6月5日。白河市コミネス交響楽団の定期演奏会が開催された。10代から70代までの91人の団員が『カルメン』や『新世界』等を堂々と演奏。優しく、力強いハーモニーに満員の聴衆は酔った。コミネスの整備と共に、市民交響楽団設立の準備が始まる。その道のりは平坦ではなかった。組織は、指揮者は、資金は…。だが設立に携わった方々には志があった。一つ一つ峠を越え実現に至った。
平成28年10月。フランスのトゥール市で、第5回日仏自治体交流会議が行われた。パリから南西に240キロメートル。ロワール川の渓谷に点在する古城とその周辺は世界遺産。息を呑むほど美しいステンドグラスの大聖堂。中世の雰囲気が残る街並み。時間がゆっくり流れていく。

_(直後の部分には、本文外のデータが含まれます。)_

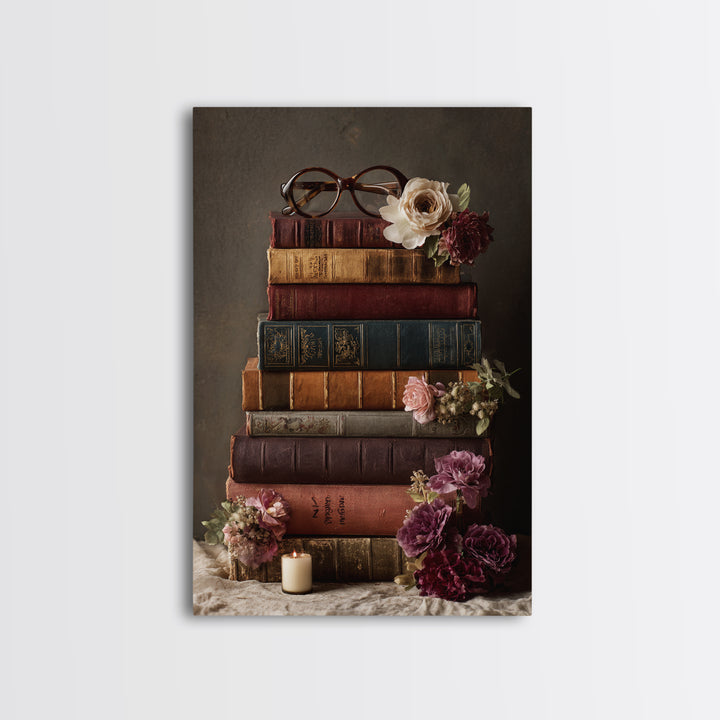 Classic Book Spine Pattern Framed Canvas Print, Bookstore Art, Boho Decor, Bookstore Decor, Fine Art, Literary, Printable Art, BOO-2x3-52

歓迎の晩餐会。市民オーケストラの演奏が始まる。クラシックからシャンソンまで。最後の曲は『さくら  さくら』。これぞ最高のもてなし!自分たちの街に誇りを持ち、小さな都市に、あたり前のようにオーケストラがある。フランスが文化大国たるゆえんだ。白河にもこれを創れないだろうか…。この想いが叶った。
19C末。帝政ロシアがウラジオストクまでシベリア鉄道を延ばすため、清朝から鉄道敷設権を得た。ハルビンは、満州北部を東西に貫く東清鉄道本線と、南の大連に向かう支線の分岐点にあった。ハルビンはロシア人が作った街。ロシア人といっても帝国内にいる者の総称であり、ウクライナ人・ポーランド人・ユダヤ人等も多かった。そこに日本人・漢人・朝鮮人らが集い国際都市になる。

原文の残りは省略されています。